Звонкопевный, в журавлиную силушку, голос имел, некорыстенький ростик, зовомый «попу до пупка», востропятую поспешь в ногах и проворный сметливый ум. Грамотешка церковноприходская, а на выдумку, вымысел!.. Упомянутый поп его иезуитом за глаза называл. Потому как Афоня со сцены персону сию не отпускал…»
Подчас кажется: Ермакову не хватает обычных слов, и он «ткет» какие-то свои узоры, поворачивая слово и так, и эдак, придавая ему то ласковый, то уменьшительный, то насмешливый оттенок. Нет, наверное, необходимости множить такие примеры, но очень хочется привести еще отрывок из рассказа колхозного сторожа («Зорька на яблочке»).

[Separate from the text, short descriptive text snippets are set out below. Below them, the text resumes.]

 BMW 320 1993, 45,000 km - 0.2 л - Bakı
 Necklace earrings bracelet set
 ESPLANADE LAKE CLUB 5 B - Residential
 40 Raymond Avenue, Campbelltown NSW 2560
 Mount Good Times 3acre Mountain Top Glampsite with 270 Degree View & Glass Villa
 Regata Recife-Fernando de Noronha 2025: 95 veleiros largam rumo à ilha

«Присядет он рядышком, плащишко свой на коленях разместит и — ровно полянку в карманах да в башлыке прихоронил: струечку мяты нос причует, земляничка заистомляется, луговая купавка померещится, тмин-самосейка — полем пахнёт… Неподмесным полевым зазывистым таким надыхом пастухи одни только пропитываются. По соковой ягоде ходят, на медогон-траве дремлют, со всякого цвет-растенья пахучие дымки, вихорки их окуривают, из-под радуги берестяным ковшичком пьют — удивительно ли? Весь витамин земли ихний!»
Густо заправленный просторечиями, сибирскими озорными словечками, природным юмором — язык Ермакова иногда и нарушал привычные «нормы». Встречались у него на первых порах перехлесты, излишества и перегруженность образностью, но эти издержки шли не от изыска или нарочитости, а от естества поистине народного таланта.

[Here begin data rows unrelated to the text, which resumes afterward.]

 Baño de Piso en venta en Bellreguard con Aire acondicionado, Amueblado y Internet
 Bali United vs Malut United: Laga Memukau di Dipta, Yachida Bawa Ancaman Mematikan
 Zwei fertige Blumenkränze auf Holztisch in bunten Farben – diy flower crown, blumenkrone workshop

Не из словаря Даля, не из памятного непременного писательского блокнотика вливалась в его язык стихия местного присловья, поговорок, пословиц, поскладушек — они его коренные, впитанные с детства, с опытом жизни.
Родился Иван Ермаков 27 января 1924 года на юге Тюменской области в деревне Михайловке Казанского района, богаты эти места и светлыми березовыми лесами (что будут шуметь во многих его сказах), и тучными нивами, и сенокосными угодьями, и хлебосольными песенными праздниками.

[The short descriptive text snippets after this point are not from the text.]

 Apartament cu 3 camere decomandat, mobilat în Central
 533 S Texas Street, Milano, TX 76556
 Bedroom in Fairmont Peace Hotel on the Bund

В большой крестьянской семье Михаила Тихоновича и Анны Михайловны росло двенадцать детей. Климат дома был здоровый: работящий и безунывный. Многое взял Иван и от неутомимой в работе бабушки Пелагеи Васильевны, что пекла внукам «превкусных хлебных жаворонков и лебеденков», и от дедов Михаила и Тихона — «с бусорью чуток», и от веселого нрава отца, но больше всего от матери Анны Михайловны — человека неистребимой душевной силы. До преклонных лет, живя уже в Тюмени, сохранила она свой бесценный речевой дар, удивляя и радуя всех, кто бывал в доме писателя Ермакова.
В деревне трудовые навыки воспитывали сызмала. «Пятилетним вывез меня отец на пашню, — вспоминал Иван Михайлович. — Впрочем, кто из моих деревенских сверстников не побывал в таком возрасте на пашне… Неискушенные наши предки вряд ли подозревали, что именно этим вешним весенним деньком открывают синеглазые сопливые колумбы первозданную красоту луговых и березовых америк, что именно в этот первый выезд в широкое, как мир, поле ребячья ладонька, впервые после материнской груди, приласкается ко второй, теперь уже вечной кормилице-земле, что именно вот здесь, в борозде, разминая пахучий комочек весенней земли, обретает маленький россиянин шестое чувство — чувство Родины».
Многое закладывает в человеке детство, особенно в художнике, и счастлив он, коли соединятся в чистых истоках его горячая любовь к родной земле и радость труда во имя ее.
Рос Иван Ермаков в суровое и интересное время, когда под напором нового трудно переворачивался старый вековой уклад, когда еще свежа была в семьях односельчан память о кровавых расправах Колчака, зверствах кулацкого мятежа, о героизме первых коммунаров. Но уже гудели на колхозных полях машины, девушки заводили вечерами любимую, песню того времени: «Прокати нас, Петруша, на тракторе, до околицы нас прокати», а в переполненной читальне деревенские активисты ставили антирелигиозные пьесы с частушками собственного сочинения.